I readily grant that a great deal of innovation is entirely private, but for you t deny the public role is intellectually dishonest.
Posted by: Steven Frisch | 30 January 2010 at 01:53 PM
Steve, I didn't deny public role in the subsequent exploitation of any of these innovations in the same vein as I have not denied private industry exploitation of innovations developed on the public nickel - e.g. the World Wide Web. All I'm saying is that the history of innovations (the creative act itself) favors the private individual acting on his own recognizance and recognition of the need. (Countering unmade statements seems to be the usual track of these debates.)
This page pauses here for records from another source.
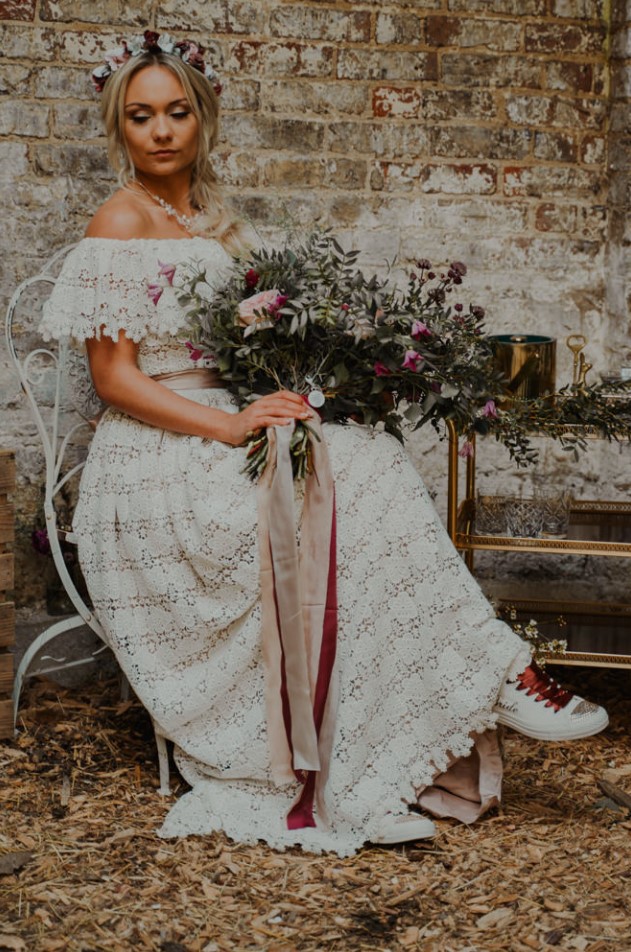 a boho lace off the shoulder wedding dress with a silk sash and a statement necklace plus sneakers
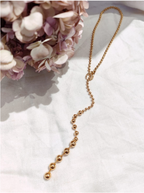 Collier Maille boules dorées
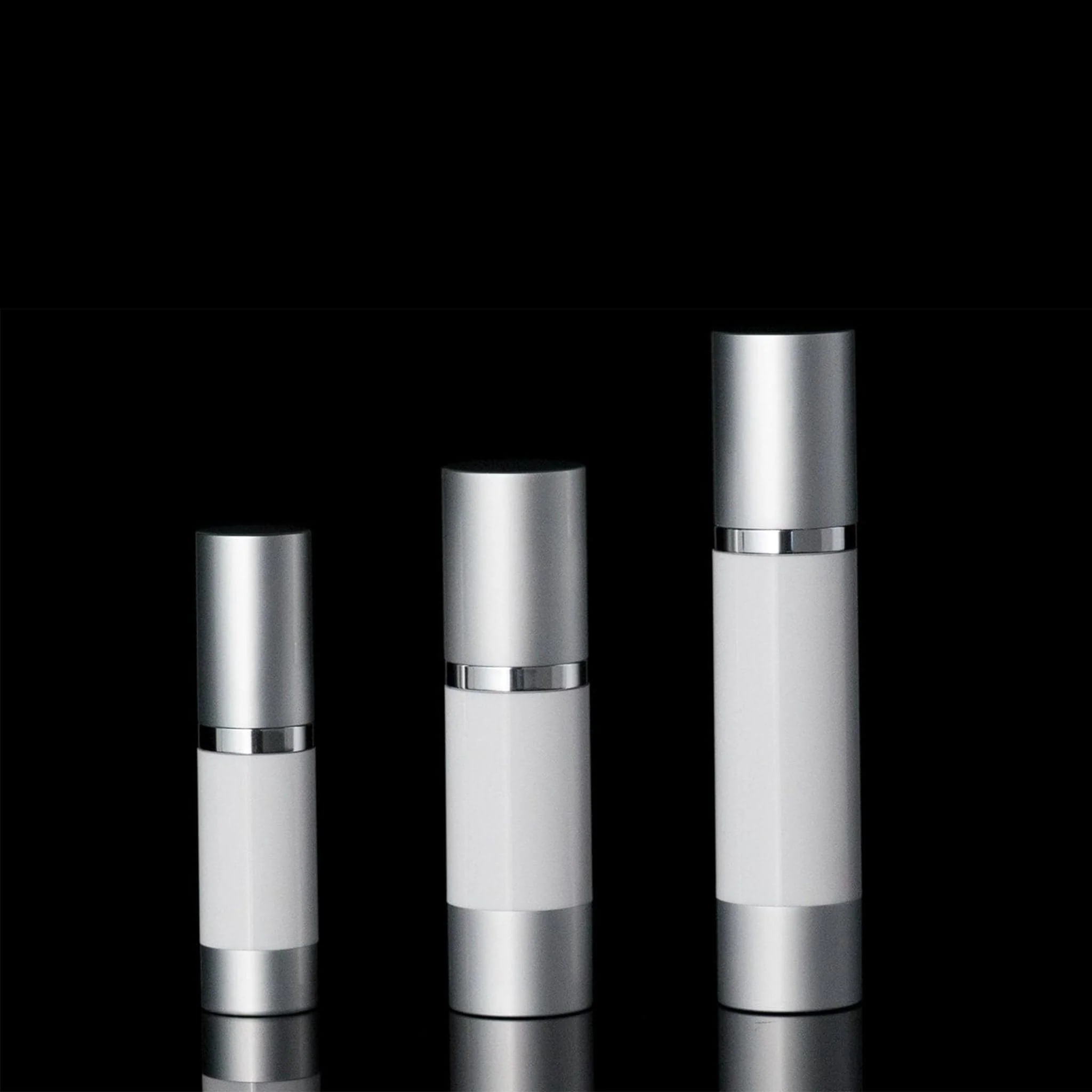 Three sleek silver and white cosmetic bottles of varying sizes on black.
And we also have a variance in what we term subsidies, especially public funding to the *intended* benefit of the public. Almost all the 19th century public monies for capitalizing privately developed technologies were bribed out of corrupt public officials by visionary but greedy capitalists who correctly identified the markets and the proper application of technology to those markets so that they could all make a buck. The elected honorables were an easy mark since there was no/little downside to their 'investment' of public monies, none of their own was at risk while fame and fortune was the upside.
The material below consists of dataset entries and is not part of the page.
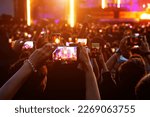 People with mobile phones record a music concert
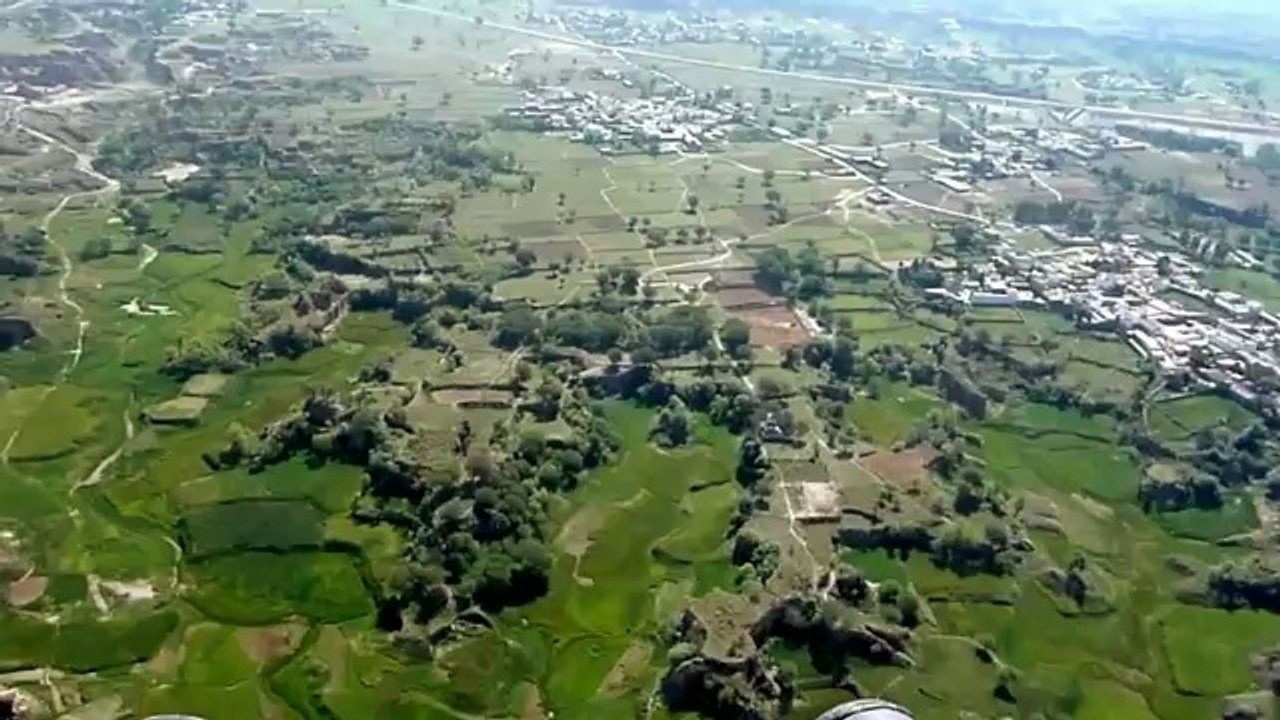 Flying in Mirpur over the banks of Mangla Dam near Akalgarh, Kashmir Pakistan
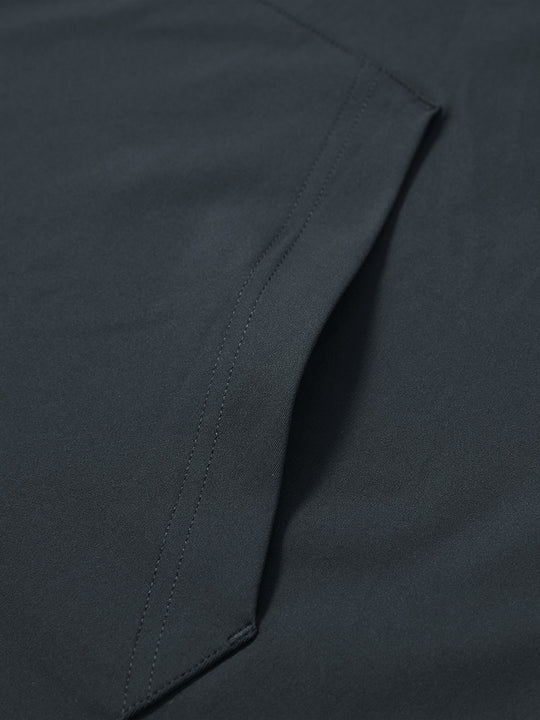 Close-up of single pocket detail on youth long sleeve hoodied with kangaroo pocket in dark grey, showing stitching.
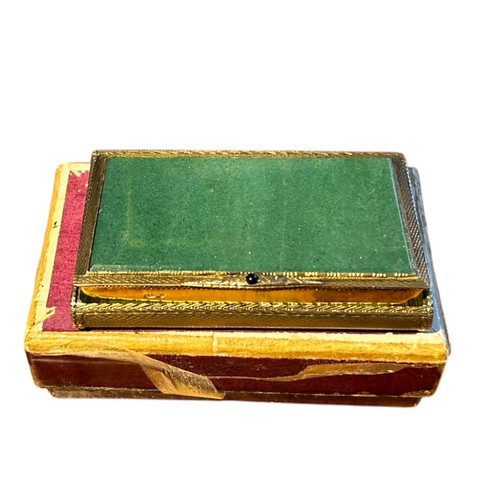 50 - A Hallmarked Silver Box, London 1927, probably a snuff box, allover engine turned design, gilt to in... 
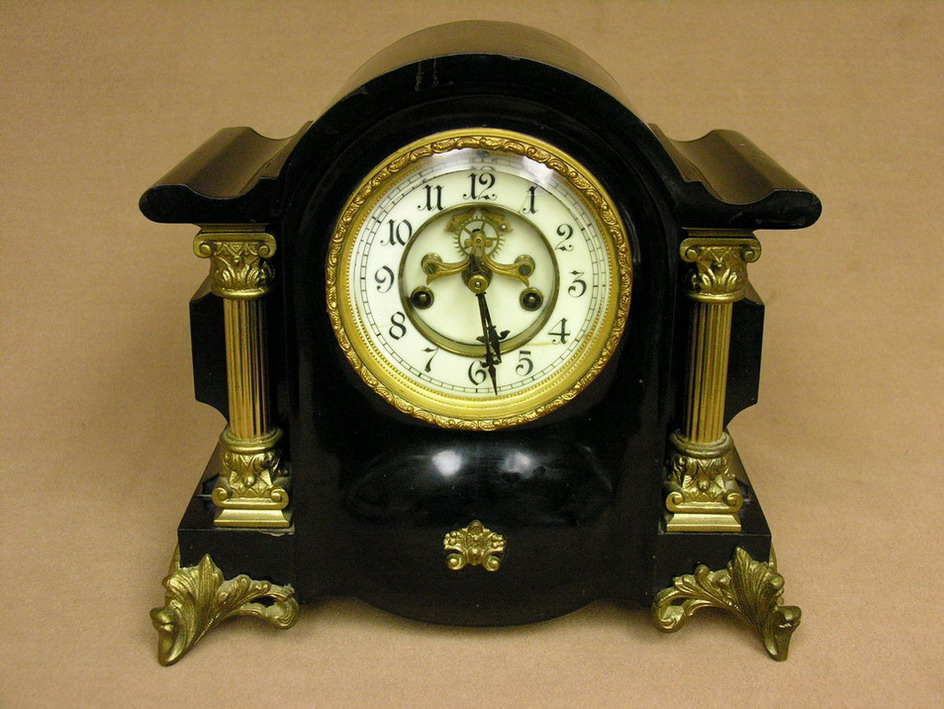 Appraisal: WATERBURY PORCELAIN CAST IRON MANTEL CLOCK crack and chip to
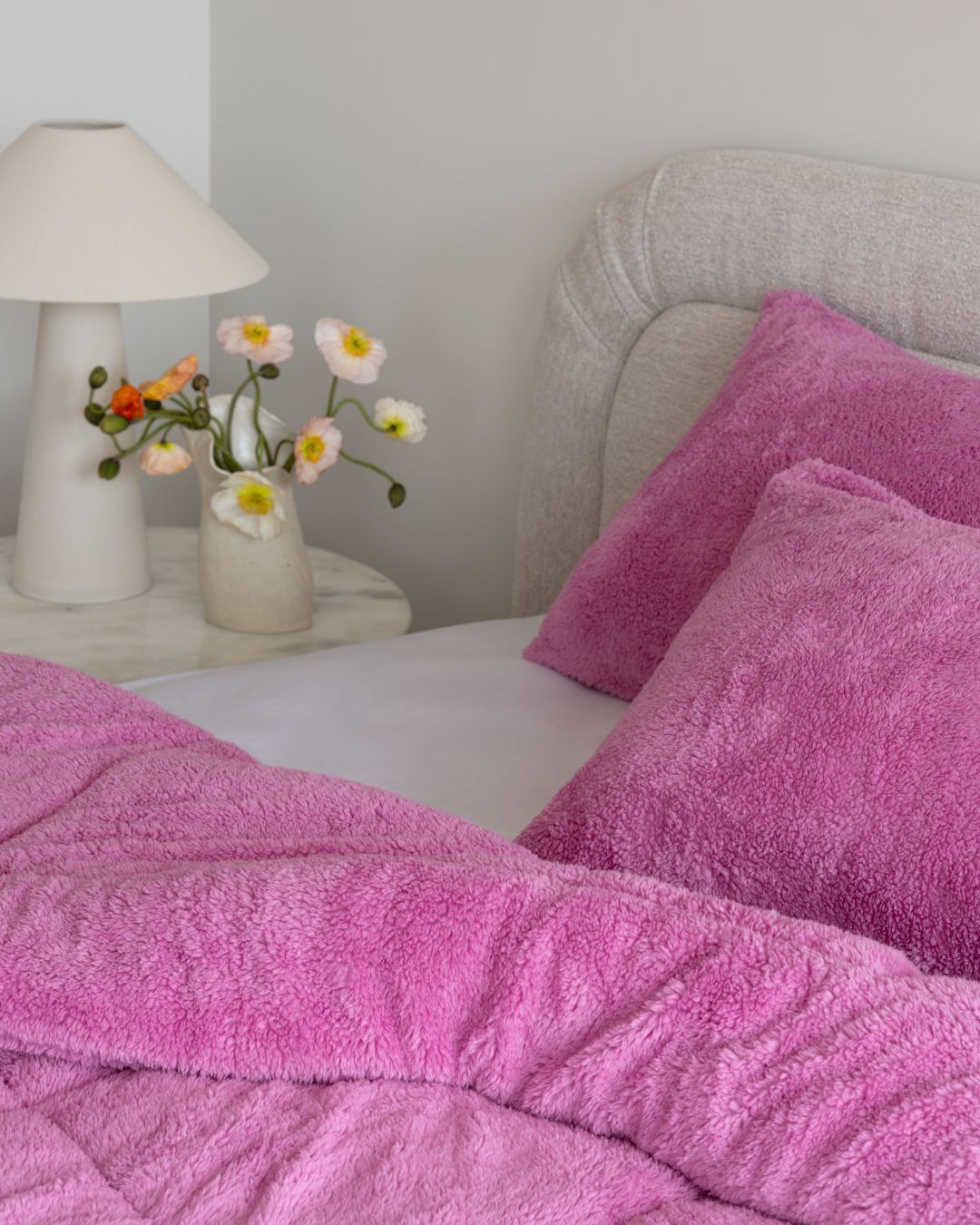 Morgan and Reid All Seasons Snuggle Fleece Crocus Comforter Set on a bed with matching pillowcases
With regard to selecting/directing technological innovation, the government mavens were as butt stupid then as they are now. And I don't call you intellectually dishonest or any other names in your certain disagreement with this. I believe you are doing your best.
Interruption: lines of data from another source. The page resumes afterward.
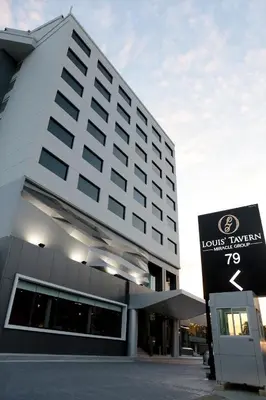 a hotel building with a sign in front of it at Louis Tavern Hotel in Bangkok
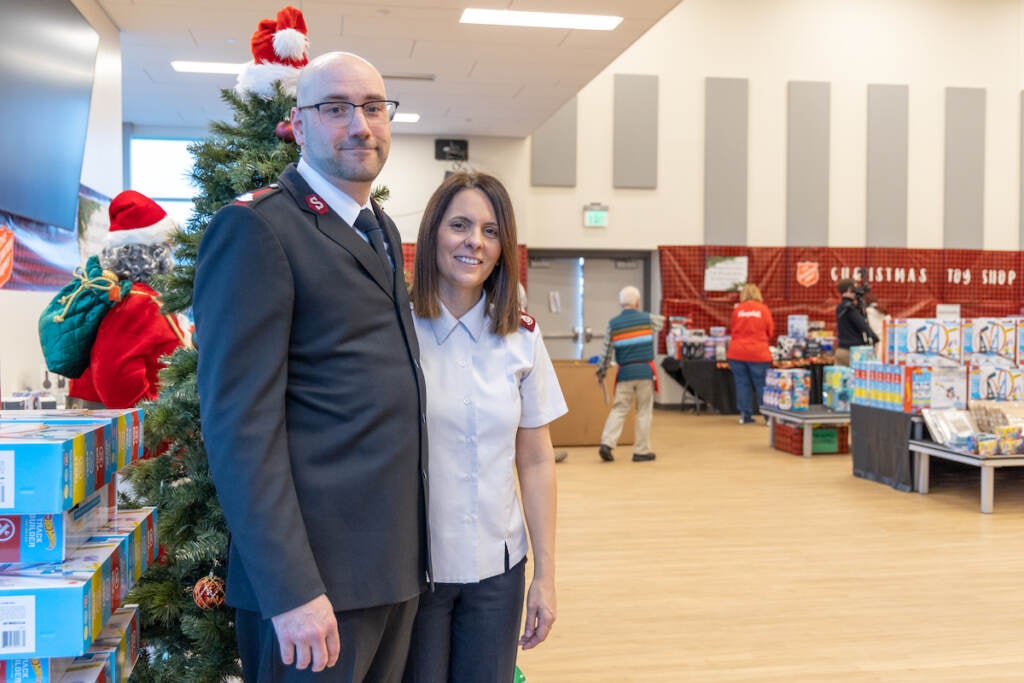 A man and woman stand in front of a Christmas tree in a large room.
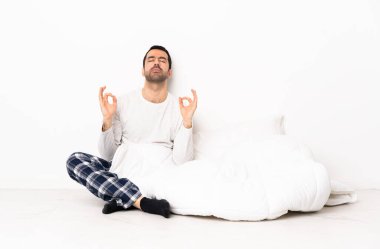 Beyaz, pijamalı bir adam. Zen pozisyonunda yerde oturuyor.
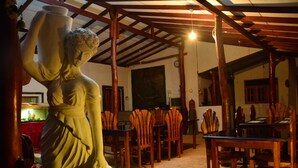 Une pièce avec un plafond en bois, une statue, ainsi que plusieurs chaises et tables en bois.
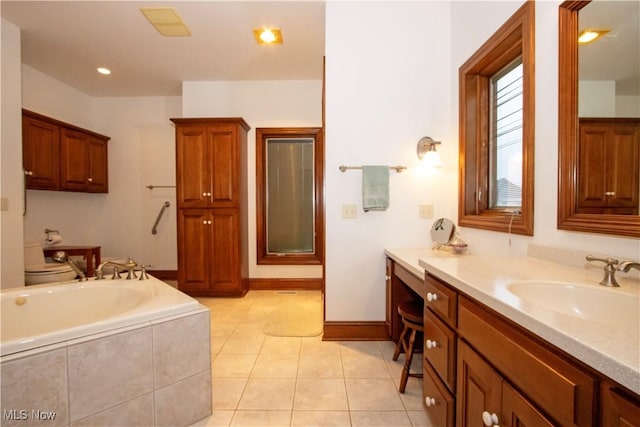 bathroom featuring tile patterned flooring, vanity, and tiled tub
Posted by: George Rebane | 30 January 2010 at 03:03 PM
I love the way you deny what you say. You say it then you deny it.
That's what I mean by intellectually dishonest and inconsistent, which by the way is an attack on your ideas not your person.
I think you are doing your best as well, you are just blinded by ideological purity.
Posted by: Steven Frisch | 31 January 2010 at 03:58 AM
Fair enough, we do communicate differently. As an example, calling someone "intellectually dishonest" in my book implies that I am intentionally trying to mislead my readers, clearly a character flaw that makes up a most intimate component of a person. And the charge therefore is an attack on the person.
Inconsistency is the result of, perhaps, my ideology not being sufficiently coherent and/or cohesive. Or perhaps my shortcomings as a writer.
As a minimum, I have to admit that I didn't say it well enough for you to understand. I guess we both will have to soldier on and try to our best.
Posted by: George Rebane | 31 January 2010 at 08:46 AM
For you to write something Mr Frisch would understand would be on the order of turning water into wine or actually walking on water - niether of which I think you can do by the way.
And as usual, instead of trying to make sense out High Speed Rail which doesn't make any - he wants to argue whether building aiports qualifys as subsidies - Steve if you have a good/bad arguement for high speed rail, which we are discussing, point it out, otherwise put a sock in it LOL
Just remebered - aren't you affiliated with that Scientific Thinker or something - the one that did the original article on the Glaciers disappearing in 2035, not sure if its the same one?????
Posted by: Dixon Cruickshank | 31 January 2010 at 11:29 AM
I have no affiliation with Scientific Thinker.
Posted by: Steven Frisch | 31 January 2010 at 04:17 PM
Thanks Steve, sorry about the sock -
Posted by: Dixon Cruickshank | 01 February 2010 at 01:59 PM
By the way Steve - all these things you say were promoted by Gov were exactly that - they were promoted AFTER they were invented - the Gov didn't build RR tracks and then invent the trains. I also think the telegraph was invented before they started putting up poles. NASA and DOD have had items that made it into the public domain - GPS and some adhesives but they were developed for their particular purpose - not just to invent something for us.